Judge Strikes Down Wisconsin's Lame-Duck Election Changes That Limited Early Voting

A judge struck down last-minute voting restrictions and limitations enacted in Wisconsin by a Republican-controlled legislature during a lame-duck session in advance of a Democratic governor taking office. In his decision, federal judge James Peterson wrote, “This is not a close question.”

The legislation passed in late 2018 contained three restrictions, which then-governor Scott Walker signed into law: limiting early voting to two weeks prior to an election, requiring a two-year expiration date on student IDs used for identification at a polling place, and limiting the use of receipts as voter ID when people are working through obtaining a compliant ID without being able to obtain their birth certificate.

In 2016, Peterson issued injunctions in a previous attempt to impose similar restrictions. In the current decision, he wrote, “This is not a close question: the three challenged provisions are clearly inconsistent with the (2016) injunctions that the court has issued in this case.” An action brought by state attorneys remains pending in the 7th U.S. Circuit Court of Appeals over Peterson’s decision, and Peterson said in his decision he can enforce his own orders in the meantime.

Walker also ordered that temporary voting credentials and expired student IDs can serve as identification at the polls. The laws he said can’t go into effect only allowed temporary credentials to remain valid for 60 days and disallowed expired student IDs entirely.

Early voting during the 2018 Wisconsin election set a midterm record with 547,000 absentee ballots cast, over 200,000 more than in 2014.

The lawsuit was brought by One Wisconsin Institute, Citizen Action of Wisconsin Education Fund, and the National Redistricting Foundation, which is led by Eric Holder, attorney general for much of Barack Obama’s presidency. Holder is now an advocate for voting-access expansion, which includes challenging laws that have a racial, political, or other bias against participation.
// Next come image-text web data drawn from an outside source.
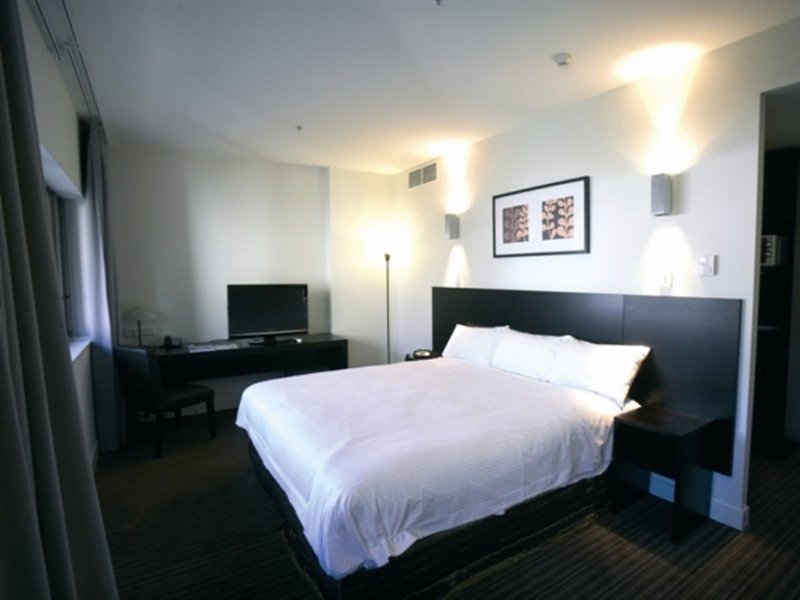 Фото Causeway 353 Hotel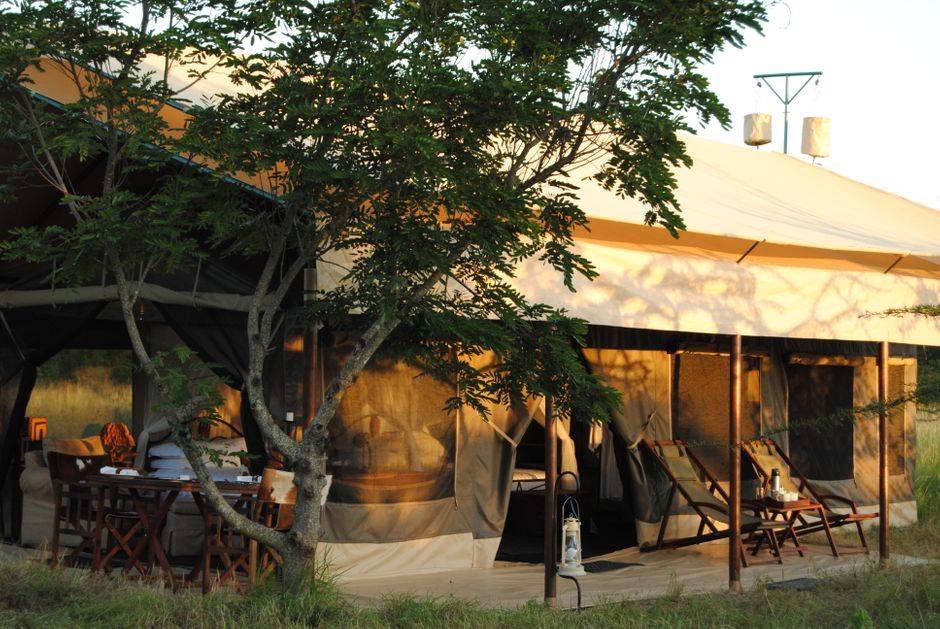 Tanzania Bus Camp utanför tält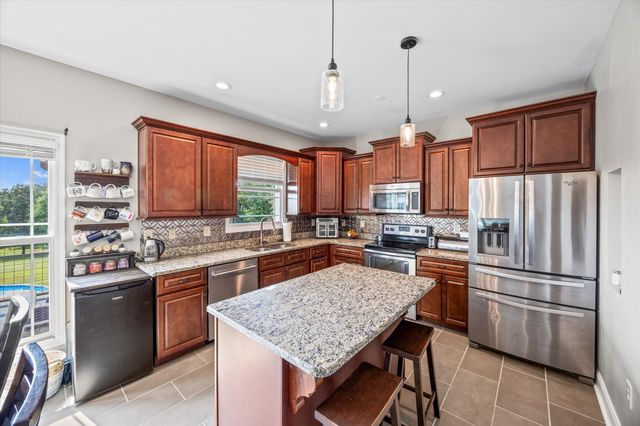 343 Mabry School Rd, Cookeville, TN 38501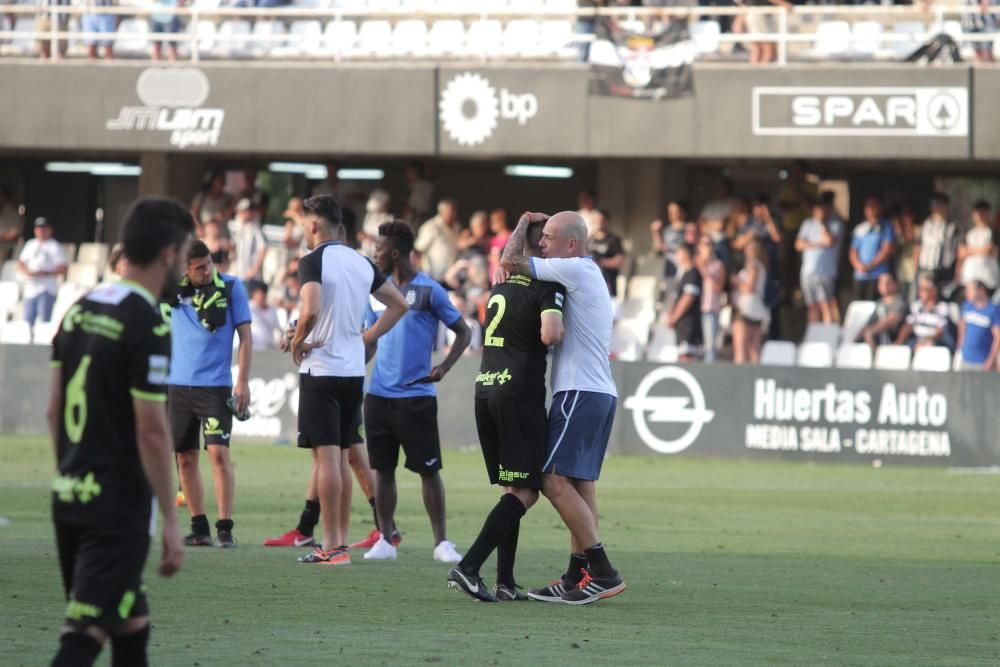 Los jugadores del FC Cartagena, tristes tras el partido que les deja sin ascenso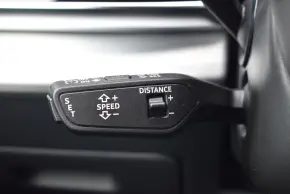 Audi Q8 PI 55 TFSI quattro thumbnail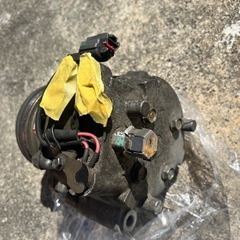 値下げHA4アクティトラックエアコンコンプレッサーの画像
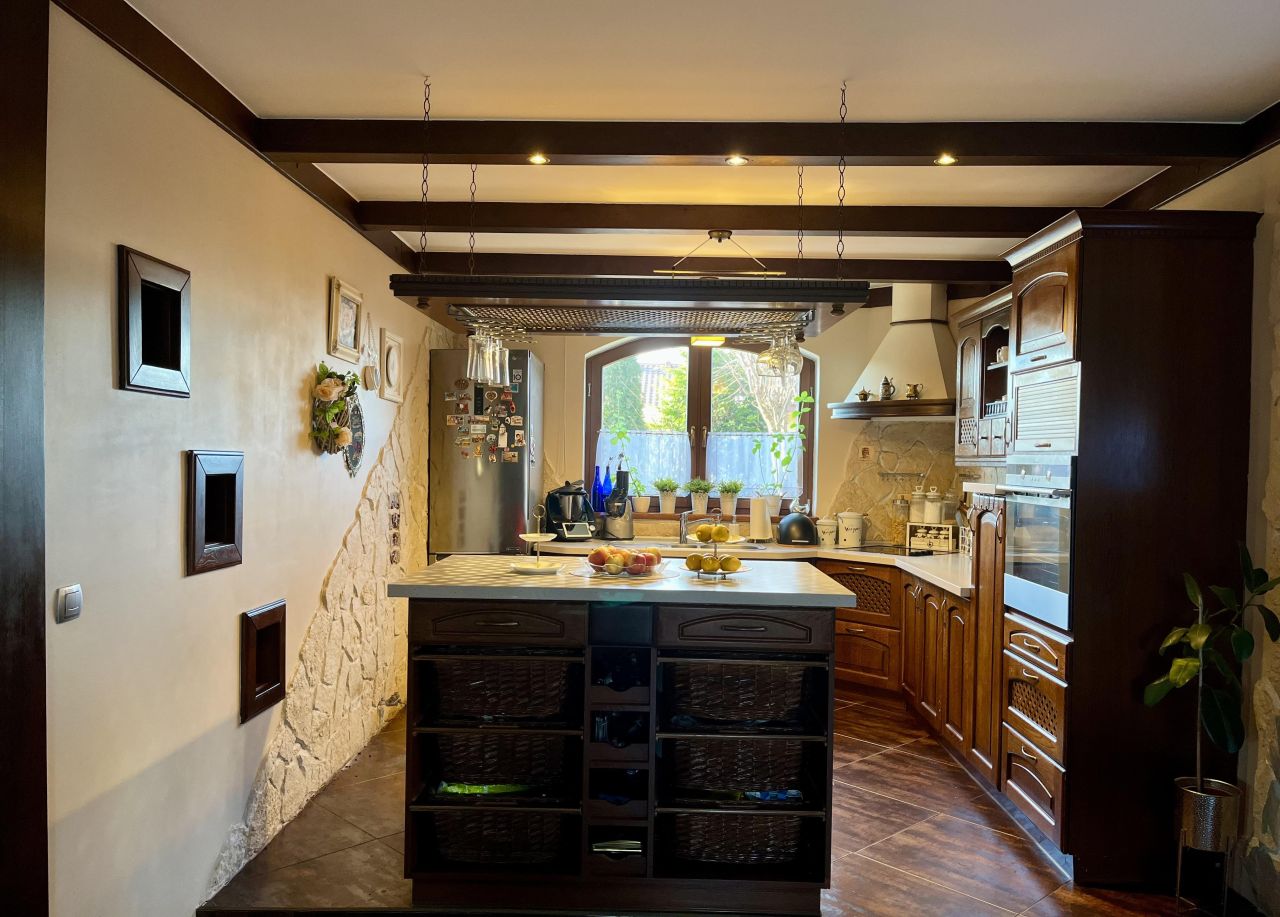 dom wolnostojący, 4 pokoje Krzeczyn Wielki, ul. Stokrotkowa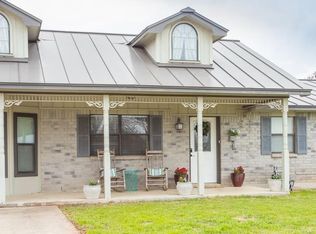 108 Wisteria Dr, Fredericksburg, TX 78624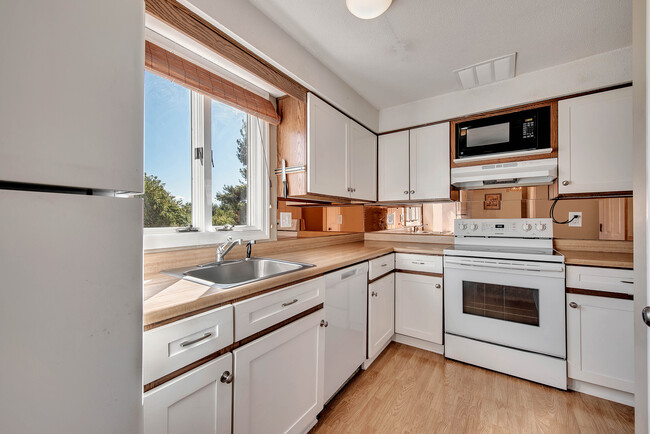 Bright, airy kitchen - 1500 Cambridge Dr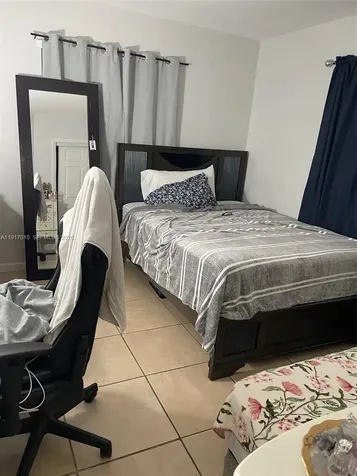 2200 SW 42nd Avenue Fort Lauderdale FL 33317
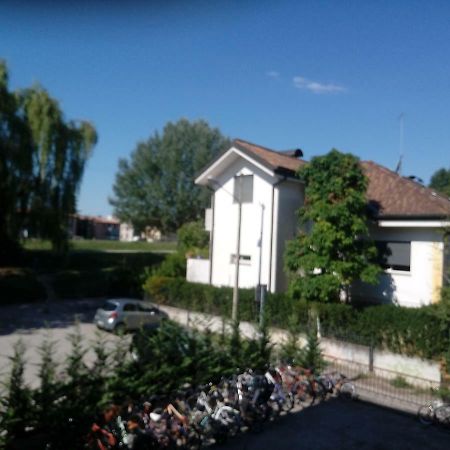 Vicino Al Prato Della Valle Intero Appartamento Parcheggio Facile Di Fronte Padua Buitenkant foto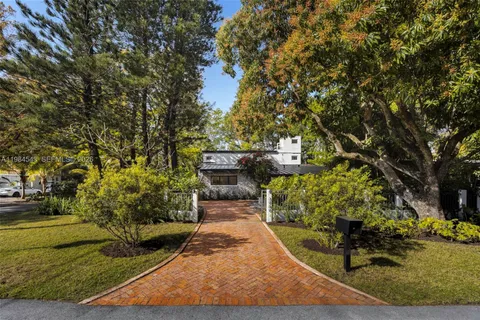 $2,795,000 | 3090 Kirk Street, Coconut Grove, FL 33133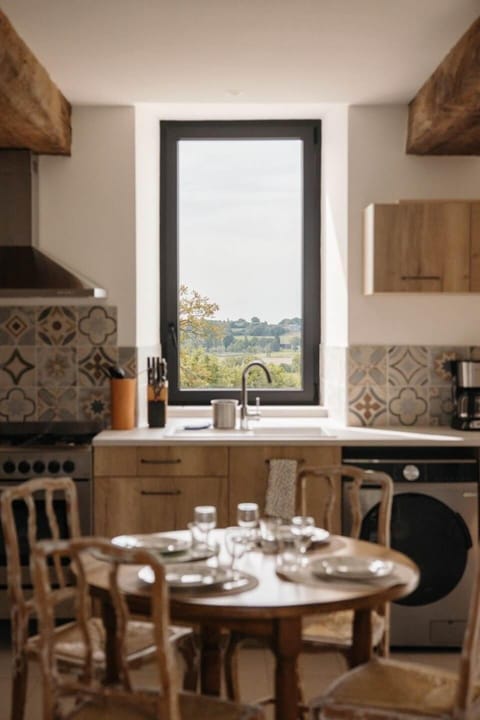 espace repas table vaisselle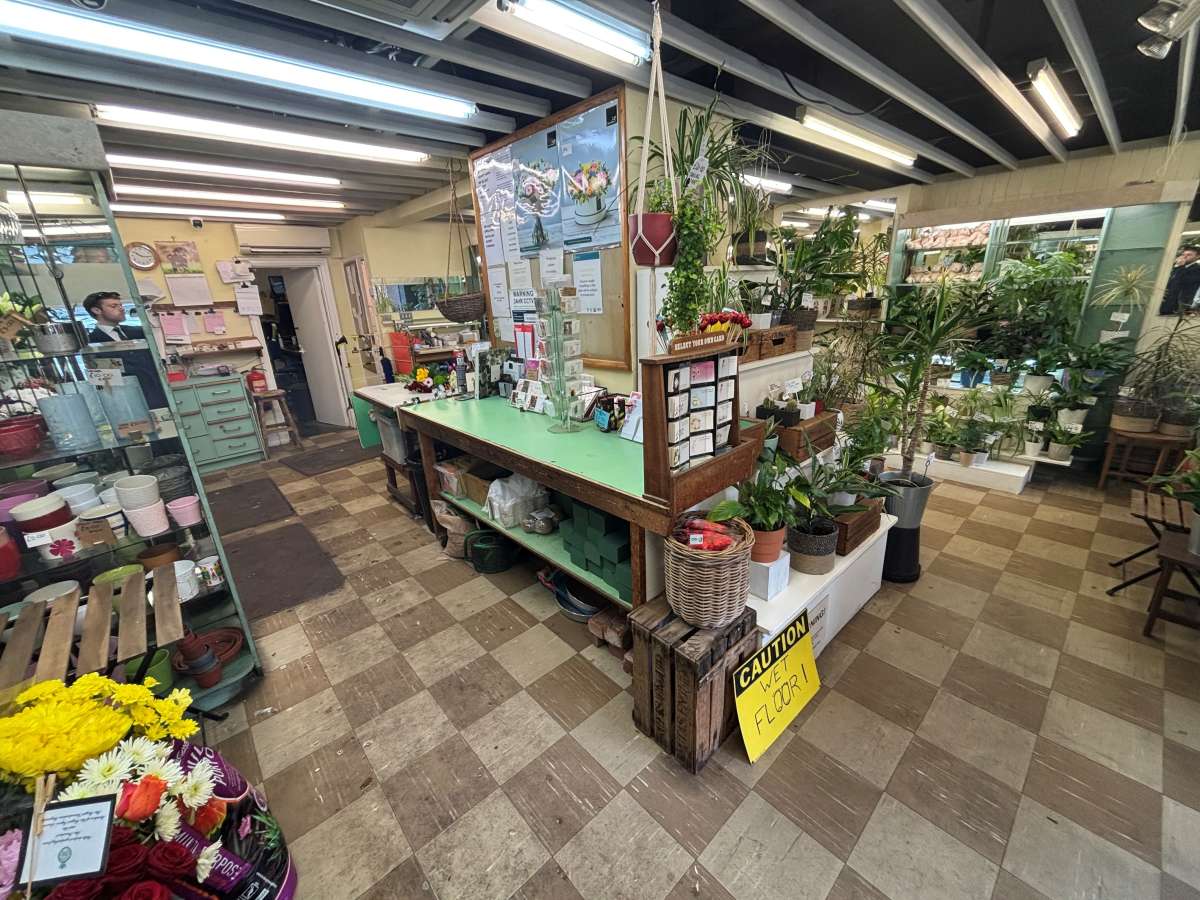 Retail/Shop in Leicester - photo 2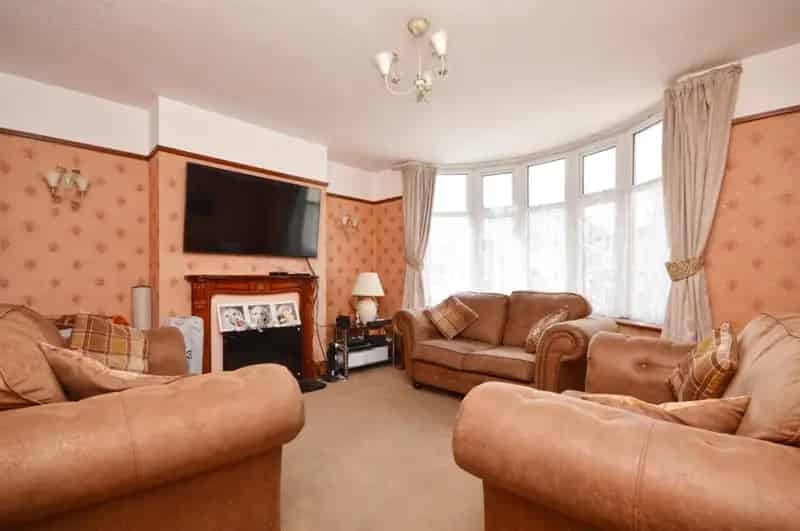4 bedroom House
 For Sale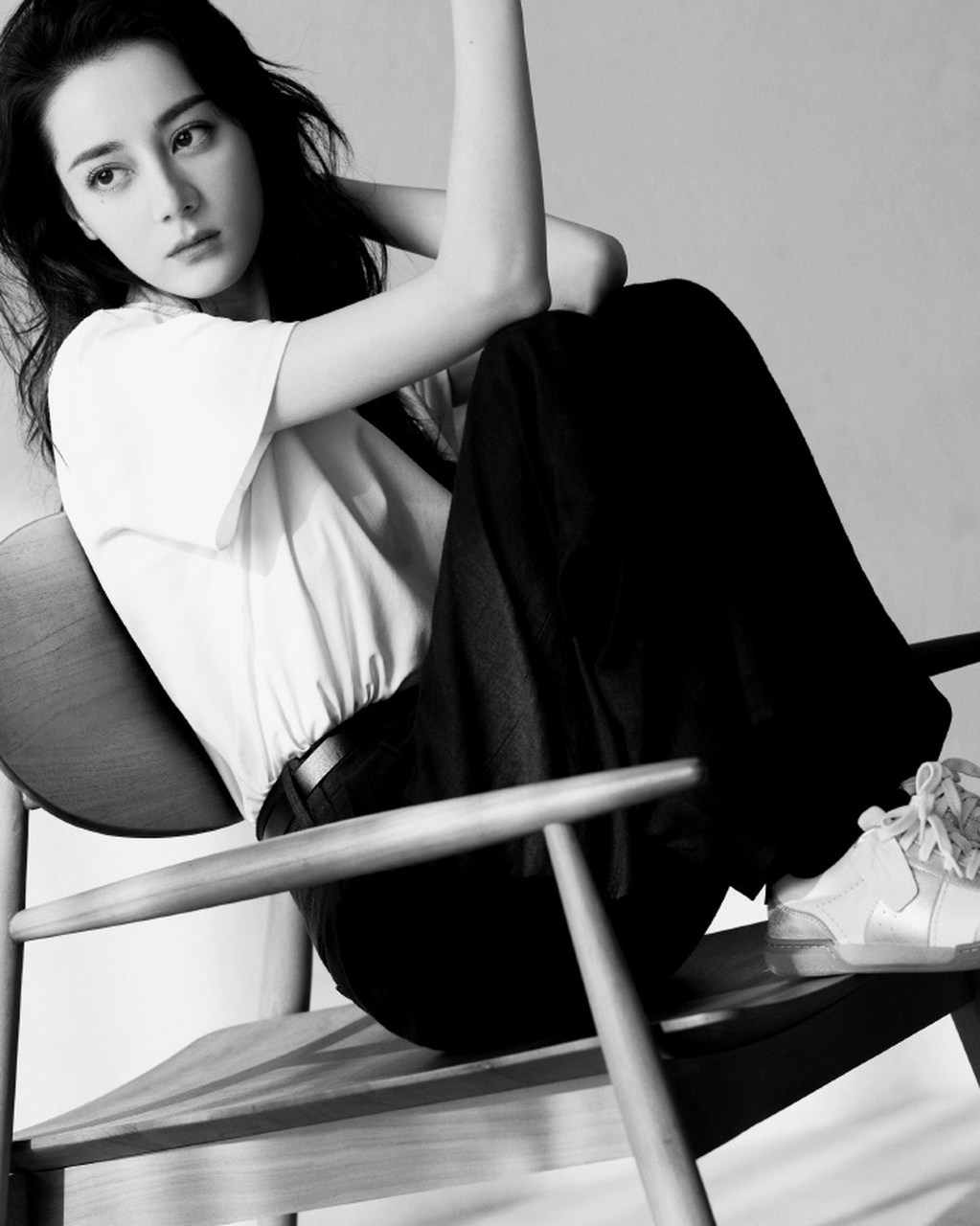 67#迪丽热巴# #迪丽热巴藏蓝色风衣搭白t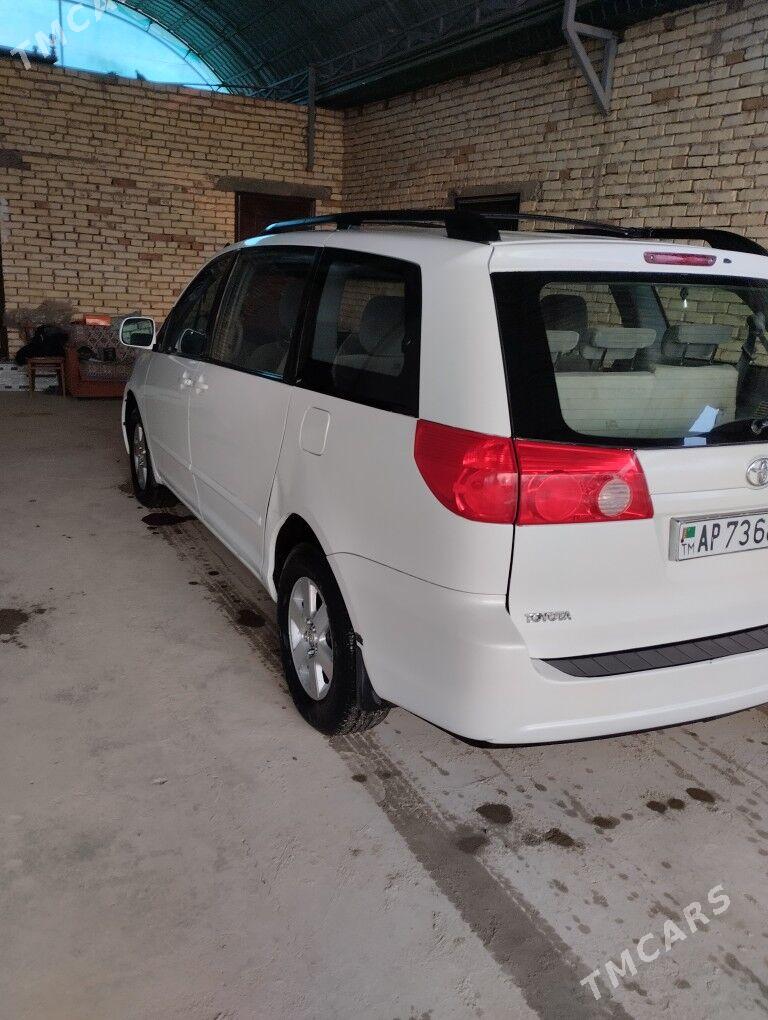 Toyota Sienna 2009 - 222 000 TMT - етр. Туркменбаши - img 3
One Wisconsin’s director, Scot Ross, told the Journal Sentinel, “The Republican attacks on voting rights were unconstitutional when they were passed, they were unconstitutional when the judge struck them down and they are unconstitutional now.”

Each of the provisions enacted by the Wisconsin legislature have been found in various courts to target particular populations, which include students attending local colleges, who are thought to be more liberal, and whose participation can affect elections for local and state representative positions; older people of color and poor people, who are more likely than white people or more financially well off to lack a birth certificate; and others who lean Democrat and tend to use early voting.

The Republican-controlled legislature passed a variety of bills during Republican Walker’s last days in office, including changing voting rules, and the governor signed them. These bills shifted some executive powers to the legislature and gave them authority to appoint some political positions.